I encourage you to tell your mother and sister how you felt when they rebuffed you in such a harsh manner. Here is some suggested words:
I felt hurt/angry/disappointed/sad (whatever the emotion) when I told you of our financial issue and you judged me harshly by saying I was useless with money. What I wanted to hear was not what a lazy person I am, but rather I wanted your understanding and compassion. I am willing to take responsibility for ..... (here name what it is you are willing to say about your role in the financial crisis) and I want to get better at this.
What seems to have lost in your discussion with your mother and sister is your emotional state. Being in a financial crisis feels horrible. It doesn't really matter how you got there, the fact is that you are there and need solutions.
So perhaps you could go on to say, "Right now I would appreciate your help in finding solutions. Emotionally, this is very difficult for me and I would like your assistance in thinking this out."
I certainly understand that you wanted - maybe even expected - that your mother and/or sister would help financially. But perhaps that is not something they are willing to do at this point in time. If that is the case, then what you may be able to gain from them is some practical support in brainstorming and deciding what your next steps will be....and a sense that they do care about you.
Is this better on track with the type of answer you were expecting?
I feel hurt by their attitude. Money is not important to me. When I had it I was very generous with my family. I enjoyed it because it made them happy. I am a caring person, I try to think positively and offer my support ( emotional, financial etc). What makes me sad is that the value money more than me.
My parents are farmers. They work for my brother. They grow fruit and vegetables. My brother (who is 4 years younger) takes them and sells them in the market. They have bought him a house, a van, a car and earns enought. He is also married and lives with his family in another town. That's totally unfair!!! They say that you don't show love by giving money to someone. But my example shows otherwise.
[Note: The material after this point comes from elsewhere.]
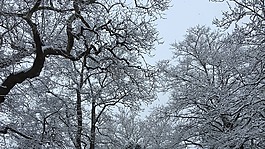 雪,村,冬天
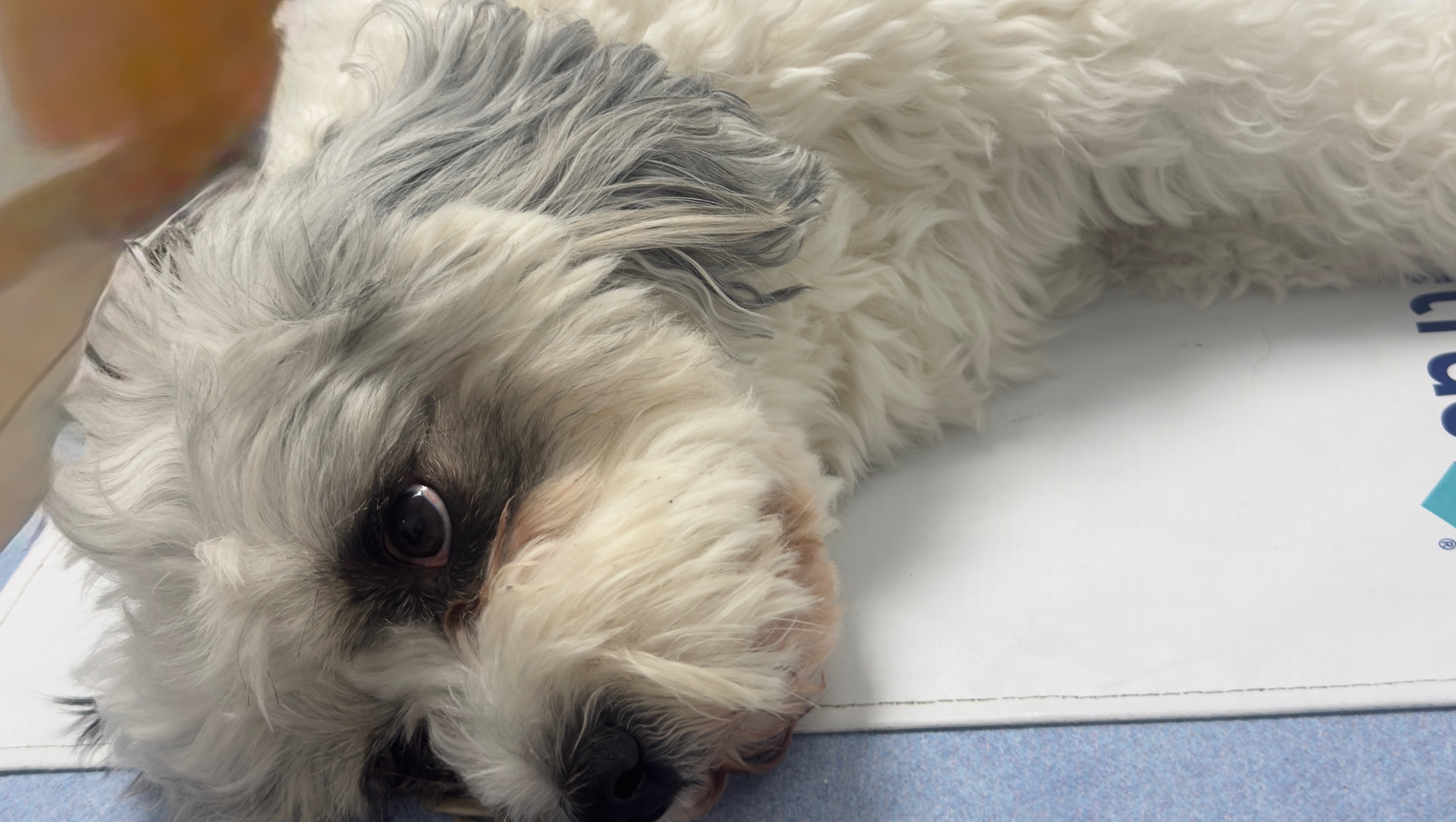Help Ruffy Walk Again - Emergency MRI Treatment photo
I thought that my sister was my friend and my ally but instead she encourages my mother not to help me.
This is truly a hurtful situation. And, yes, the examples you point out about your brother seem to show that there is a different standard applied to him.
You wrote, "They say that you don't show love by giving money to someone." The question then is - Then how do you show love? Do you show it by being compassionate and understanding. Do you show love by being supportive and listening when I'm asking for help.